THE REVIEW GOES HERE

Leung Wah Sang James's production design is rich with the symbolism of classical China, but director Ho Yim shows the fading of this classical culture by the gradual introduction of modern, Twentieth Century elements: a group of men in the background of one scene who are busy erecting a pole with a bundle of wires attached is a precursor to a significant scene in which the town turns out to celebrate that questionable innovation, Electricity. That scene, in which a Chinese opera which is a tragedy about two lovers who die, only to return as butterflies, marks the seminal transformation of the relationships between Madame Wu and Andre and between Fangmao and his Second Mother.





The end of Pavilion of Women is literally unbelievable. "Three years later" (which means 1941, mind you), three of the principal characters are shown reunited in a glorious landscape of fresh grass, nurturing the orphans who had not yet received names, while composer Pope's music rises to yet another thrilling crescendo. . . . Hog piss! While this ending of the film may have been required to get it approved by the Communist authorities in mainland China, it simply does not belong in a film intended for intelligent audiences. Let's take a little reality check, here, shall we?
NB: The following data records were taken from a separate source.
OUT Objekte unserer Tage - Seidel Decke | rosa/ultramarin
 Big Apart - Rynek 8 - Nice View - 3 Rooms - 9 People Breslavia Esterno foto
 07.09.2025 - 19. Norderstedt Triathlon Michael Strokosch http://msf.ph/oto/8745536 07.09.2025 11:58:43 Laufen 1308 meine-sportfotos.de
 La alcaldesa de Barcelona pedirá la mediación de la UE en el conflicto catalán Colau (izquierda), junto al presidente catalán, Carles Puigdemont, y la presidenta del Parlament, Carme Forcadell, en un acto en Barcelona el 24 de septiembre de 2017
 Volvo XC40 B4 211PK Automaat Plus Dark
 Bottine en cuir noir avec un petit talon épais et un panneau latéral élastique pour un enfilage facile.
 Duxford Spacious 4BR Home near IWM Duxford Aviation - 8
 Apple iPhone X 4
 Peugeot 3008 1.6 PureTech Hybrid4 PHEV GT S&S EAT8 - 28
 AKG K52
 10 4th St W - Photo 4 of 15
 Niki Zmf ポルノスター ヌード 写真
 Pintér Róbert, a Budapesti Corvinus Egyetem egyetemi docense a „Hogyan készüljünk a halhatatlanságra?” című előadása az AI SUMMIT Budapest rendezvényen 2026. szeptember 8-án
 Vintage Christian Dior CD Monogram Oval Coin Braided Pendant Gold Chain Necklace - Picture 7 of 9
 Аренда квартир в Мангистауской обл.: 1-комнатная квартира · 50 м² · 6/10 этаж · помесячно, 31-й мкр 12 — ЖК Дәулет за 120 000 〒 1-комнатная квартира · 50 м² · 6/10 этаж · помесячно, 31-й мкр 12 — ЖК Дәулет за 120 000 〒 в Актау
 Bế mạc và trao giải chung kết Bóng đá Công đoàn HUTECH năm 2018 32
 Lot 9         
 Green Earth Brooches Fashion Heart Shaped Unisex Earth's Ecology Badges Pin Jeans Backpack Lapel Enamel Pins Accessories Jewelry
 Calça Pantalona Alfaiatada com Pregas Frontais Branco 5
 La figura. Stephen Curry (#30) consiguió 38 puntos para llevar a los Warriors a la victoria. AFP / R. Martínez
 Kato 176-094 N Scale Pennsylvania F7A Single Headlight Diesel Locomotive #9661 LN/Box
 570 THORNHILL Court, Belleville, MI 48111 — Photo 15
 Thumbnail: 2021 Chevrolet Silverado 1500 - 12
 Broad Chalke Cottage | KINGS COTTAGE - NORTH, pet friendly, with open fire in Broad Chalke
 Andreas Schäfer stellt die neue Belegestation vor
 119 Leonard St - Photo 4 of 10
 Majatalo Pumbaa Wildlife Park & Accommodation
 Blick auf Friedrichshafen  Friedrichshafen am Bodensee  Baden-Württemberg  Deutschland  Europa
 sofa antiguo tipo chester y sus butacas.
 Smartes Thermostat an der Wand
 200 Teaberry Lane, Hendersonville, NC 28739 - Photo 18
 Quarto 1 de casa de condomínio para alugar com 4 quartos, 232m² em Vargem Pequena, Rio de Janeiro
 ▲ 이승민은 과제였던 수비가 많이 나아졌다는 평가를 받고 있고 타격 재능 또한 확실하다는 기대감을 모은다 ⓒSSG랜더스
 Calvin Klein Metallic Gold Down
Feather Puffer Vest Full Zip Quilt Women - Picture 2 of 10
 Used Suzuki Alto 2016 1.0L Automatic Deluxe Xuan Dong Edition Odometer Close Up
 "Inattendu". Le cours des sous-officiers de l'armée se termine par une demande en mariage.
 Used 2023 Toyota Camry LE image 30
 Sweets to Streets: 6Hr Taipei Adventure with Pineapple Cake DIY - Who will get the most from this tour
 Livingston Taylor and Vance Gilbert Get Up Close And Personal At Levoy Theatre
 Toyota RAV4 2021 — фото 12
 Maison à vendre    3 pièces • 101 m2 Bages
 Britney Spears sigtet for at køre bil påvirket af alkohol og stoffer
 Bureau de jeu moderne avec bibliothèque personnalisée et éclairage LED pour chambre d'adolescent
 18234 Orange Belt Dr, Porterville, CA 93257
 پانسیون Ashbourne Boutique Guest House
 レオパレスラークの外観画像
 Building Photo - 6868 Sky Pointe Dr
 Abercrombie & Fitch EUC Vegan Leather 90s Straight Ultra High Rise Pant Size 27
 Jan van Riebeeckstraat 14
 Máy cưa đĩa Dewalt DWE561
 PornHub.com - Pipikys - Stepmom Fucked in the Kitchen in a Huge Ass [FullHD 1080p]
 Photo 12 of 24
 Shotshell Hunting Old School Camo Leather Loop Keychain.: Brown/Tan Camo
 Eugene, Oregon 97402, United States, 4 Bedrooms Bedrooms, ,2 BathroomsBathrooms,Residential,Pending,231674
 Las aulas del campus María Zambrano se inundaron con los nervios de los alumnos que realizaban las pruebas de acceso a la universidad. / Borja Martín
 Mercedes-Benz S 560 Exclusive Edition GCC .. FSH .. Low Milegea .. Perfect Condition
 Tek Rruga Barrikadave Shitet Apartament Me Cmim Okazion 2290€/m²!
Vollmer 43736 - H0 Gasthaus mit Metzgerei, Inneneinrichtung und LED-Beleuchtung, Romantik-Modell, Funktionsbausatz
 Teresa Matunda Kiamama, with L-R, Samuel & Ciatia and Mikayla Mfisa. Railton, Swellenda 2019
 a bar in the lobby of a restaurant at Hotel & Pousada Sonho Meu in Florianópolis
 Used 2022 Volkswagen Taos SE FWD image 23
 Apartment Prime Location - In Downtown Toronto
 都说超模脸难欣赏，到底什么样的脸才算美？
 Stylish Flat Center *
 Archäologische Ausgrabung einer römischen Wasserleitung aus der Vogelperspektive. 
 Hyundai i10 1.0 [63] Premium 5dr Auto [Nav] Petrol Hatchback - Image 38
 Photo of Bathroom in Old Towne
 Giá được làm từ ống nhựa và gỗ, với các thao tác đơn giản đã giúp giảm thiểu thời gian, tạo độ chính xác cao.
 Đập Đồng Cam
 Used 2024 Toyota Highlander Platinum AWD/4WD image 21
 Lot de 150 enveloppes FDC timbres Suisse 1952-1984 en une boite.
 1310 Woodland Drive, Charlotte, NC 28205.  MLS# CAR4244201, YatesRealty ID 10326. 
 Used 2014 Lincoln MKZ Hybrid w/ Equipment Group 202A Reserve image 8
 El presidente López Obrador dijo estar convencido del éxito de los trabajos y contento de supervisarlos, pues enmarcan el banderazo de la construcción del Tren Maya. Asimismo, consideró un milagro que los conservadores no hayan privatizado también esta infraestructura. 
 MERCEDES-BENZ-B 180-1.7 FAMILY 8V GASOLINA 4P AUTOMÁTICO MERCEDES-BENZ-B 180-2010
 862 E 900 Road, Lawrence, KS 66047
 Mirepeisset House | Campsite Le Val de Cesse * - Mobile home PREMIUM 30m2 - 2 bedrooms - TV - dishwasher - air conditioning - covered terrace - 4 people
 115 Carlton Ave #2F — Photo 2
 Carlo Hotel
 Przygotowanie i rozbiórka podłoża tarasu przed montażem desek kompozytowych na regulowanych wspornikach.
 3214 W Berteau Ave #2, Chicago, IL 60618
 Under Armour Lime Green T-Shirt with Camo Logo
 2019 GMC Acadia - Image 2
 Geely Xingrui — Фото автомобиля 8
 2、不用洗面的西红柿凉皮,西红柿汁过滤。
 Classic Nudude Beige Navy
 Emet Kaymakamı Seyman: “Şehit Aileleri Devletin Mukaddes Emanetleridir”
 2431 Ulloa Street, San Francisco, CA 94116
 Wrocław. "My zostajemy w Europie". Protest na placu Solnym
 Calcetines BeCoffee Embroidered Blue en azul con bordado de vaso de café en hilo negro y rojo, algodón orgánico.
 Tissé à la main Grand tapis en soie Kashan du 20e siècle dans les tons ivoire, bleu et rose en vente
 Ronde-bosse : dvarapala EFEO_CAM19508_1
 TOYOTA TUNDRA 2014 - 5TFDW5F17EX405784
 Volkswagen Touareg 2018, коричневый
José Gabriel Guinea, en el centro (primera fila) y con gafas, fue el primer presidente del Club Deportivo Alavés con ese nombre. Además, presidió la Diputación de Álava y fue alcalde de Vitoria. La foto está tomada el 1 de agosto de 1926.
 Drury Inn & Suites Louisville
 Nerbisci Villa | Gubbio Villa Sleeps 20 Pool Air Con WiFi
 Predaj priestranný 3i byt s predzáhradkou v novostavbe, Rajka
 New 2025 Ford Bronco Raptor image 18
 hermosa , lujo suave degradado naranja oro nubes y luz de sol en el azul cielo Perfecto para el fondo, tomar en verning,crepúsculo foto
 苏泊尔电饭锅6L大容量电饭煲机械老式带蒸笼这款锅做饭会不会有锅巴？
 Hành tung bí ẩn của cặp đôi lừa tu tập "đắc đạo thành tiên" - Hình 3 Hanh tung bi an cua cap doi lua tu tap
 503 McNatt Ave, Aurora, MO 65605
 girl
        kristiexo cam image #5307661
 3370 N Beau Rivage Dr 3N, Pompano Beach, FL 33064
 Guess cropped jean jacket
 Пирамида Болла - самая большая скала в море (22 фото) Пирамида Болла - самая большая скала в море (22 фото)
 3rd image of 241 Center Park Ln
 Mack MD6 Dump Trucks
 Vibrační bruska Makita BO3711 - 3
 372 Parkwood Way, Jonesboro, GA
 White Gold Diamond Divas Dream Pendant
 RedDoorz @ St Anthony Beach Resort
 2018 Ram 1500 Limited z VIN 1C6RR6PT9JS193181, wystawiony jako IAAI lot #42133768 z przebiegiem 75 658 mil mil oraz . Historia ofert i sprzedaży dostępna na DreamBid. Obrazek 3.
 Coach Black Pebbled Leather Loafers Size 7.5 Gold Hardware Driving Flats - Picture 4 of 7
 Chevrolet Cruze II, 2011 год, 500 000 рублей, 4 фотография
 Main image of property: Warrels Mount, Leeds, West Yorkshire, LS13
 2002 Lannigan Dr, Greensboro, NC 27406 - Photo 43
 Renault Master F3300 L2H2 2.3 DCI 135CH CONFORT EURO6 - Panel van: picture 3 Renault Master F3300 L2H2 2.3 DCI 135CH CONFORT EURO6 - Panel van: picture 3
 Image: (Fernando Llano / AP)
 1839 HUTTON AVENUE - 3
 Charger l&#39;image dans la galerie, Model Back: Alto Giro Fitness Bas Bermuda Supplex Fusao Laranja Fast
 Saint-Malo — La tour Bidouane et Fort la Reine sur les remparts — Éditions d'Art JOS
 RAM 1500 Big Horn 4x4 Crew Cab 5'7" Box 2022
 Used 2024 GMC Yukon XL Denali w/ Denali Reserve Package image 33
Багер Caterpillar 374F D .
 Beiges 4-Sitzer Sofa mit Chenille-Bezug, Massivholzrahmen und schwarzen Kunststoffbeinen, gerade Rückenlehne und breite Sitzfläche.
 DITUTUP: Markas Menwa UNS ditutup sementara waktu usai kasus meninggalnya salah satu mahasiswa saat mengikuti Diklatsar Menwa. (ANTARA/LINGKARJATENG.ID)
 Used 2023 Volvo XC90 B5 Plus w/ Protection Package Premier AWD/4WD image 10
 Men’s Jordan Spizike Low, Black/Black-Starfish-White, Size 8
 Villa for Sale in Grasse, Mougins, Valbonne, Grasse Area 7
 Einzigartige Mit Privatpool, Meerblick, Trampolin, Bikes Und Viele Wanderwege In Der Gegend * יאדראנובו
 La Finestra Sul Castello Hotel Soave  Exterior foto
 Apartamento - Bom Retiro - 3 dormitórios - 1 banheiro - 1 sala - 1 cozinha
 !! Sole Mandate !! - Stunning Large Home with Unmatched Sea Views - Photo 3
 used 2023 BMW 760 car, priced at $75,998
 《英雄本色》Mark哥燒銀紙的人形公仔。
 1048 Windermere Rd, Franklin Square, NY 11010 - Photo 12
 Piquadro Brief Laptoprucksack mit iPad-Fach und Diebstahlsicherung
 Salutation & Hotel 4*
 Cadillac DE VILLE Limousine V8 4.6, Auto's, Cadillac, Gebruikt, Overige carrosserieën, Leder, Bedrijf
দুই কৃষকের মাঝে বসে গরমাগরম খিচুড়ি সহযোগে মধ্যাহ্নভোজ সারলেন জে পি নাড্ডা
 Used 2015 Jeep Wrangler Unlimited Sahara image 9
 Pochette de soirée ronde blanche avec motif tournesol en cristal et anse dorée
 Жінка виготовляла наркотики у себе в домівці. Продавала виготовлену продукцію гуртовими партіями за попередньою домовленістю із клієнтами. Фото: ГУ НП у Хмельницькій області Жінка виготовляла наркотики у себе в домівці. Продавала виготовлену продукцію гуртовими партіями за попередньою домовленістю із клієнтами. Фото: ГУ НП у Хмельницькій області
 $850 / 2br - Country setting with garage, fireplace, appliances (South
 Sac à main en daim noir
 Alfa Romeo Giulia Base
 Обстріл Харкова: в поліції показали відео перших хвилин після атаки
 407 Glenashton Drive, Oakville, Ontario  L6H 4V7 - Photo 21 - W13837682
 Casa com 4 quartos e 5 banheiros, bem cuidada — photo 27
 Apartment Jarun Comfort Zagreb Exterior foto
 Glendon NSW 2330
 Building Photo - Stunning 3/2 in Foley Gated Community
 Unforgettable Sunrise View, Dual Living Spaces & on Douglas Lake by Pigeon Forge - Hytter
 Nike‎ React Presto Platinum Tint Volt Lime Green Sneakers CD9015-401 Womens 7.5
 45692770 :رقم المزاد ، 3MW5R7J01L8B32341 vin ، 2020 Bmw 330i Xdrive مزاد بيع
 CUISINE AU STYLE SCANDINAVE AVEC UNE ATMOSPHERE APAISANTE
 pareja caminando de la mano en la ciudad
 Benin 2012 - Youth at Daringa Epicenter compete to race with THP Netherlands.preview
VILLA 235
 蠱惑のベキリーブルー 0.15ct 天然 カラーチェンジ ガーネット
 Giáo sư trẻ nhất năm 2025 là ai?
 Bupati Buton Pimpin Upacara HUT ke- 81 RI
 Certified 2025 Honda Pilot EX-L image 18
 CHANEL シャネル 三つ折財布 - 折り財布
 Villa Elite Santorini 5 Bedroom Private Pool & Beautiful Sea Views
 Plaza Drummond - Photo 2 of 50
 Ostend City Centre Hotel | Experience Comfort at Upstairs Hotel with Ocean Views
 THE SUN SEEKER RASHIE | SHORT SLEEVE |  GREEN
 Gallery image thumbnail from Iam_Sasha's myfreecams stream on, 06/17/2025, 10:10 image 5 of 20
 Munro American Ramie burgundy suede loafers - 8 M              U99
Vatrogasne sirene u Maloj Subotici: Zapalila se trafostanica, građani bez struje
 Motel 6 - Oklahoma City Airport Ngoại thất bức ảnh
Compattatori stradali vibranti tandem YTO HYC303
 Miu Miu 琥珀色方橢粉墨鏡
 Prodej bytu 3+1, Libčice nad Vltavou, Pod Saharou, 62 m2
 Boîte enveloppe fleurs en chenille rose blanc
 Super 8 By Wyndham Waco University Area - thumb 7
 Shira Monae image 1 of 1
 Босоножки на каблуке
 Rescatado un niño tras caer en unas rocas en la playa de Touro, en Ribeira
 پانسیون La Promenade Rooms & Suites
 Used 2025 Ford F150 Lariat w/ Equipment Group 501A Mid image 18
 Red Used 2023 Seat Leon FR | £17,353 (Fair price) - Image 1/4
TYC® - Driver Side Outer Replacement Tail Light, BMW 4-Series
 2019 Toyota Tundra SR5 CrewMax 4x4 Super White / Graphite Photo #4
The Kuomintang, who are described as being unwilling to fight the Japanese in 1938 (while the Communist Army is willing to fight), had been in the field for five years already against the Japanese Empire, fighting alone against a military power which was to prove (in 1941) that it was more than capable of conquering the strongest bastions of European and American military might in eastern Asia and the western Pacific, over-running the vaunted British fortresses of Hong Kong and Singapore in weeks, and driving an entire American army out of the Philipines with its tail between its legs, Douglas MacArthur's memorable sound bite about his return notwithstanding. By 1941, the Japanese Empire was at the peak of its military strength, the KMT was fighting a desparate defensive war, and the Communists, far from being made up of cadres of happy, smiling, proto-Red-Guards dancing in the fields with orphans, were a rag-tag guerrilla force using hit-and-run tactics against an overwhelmingly powerful, vicious, savage, bloodthirsty military agressor which was about to turn its attention to Pearl Harbor, in the United States itself, and which would have, but for the fortunate outcomes of the Battles of the Coral Sea and Midway, have undoubtedly established a permanent empire in east Asia and the Pacific. A few fortunate shell strikes during the naval war are all that are responsible for "Crocodile" Dundee speaking English instead of Japanese!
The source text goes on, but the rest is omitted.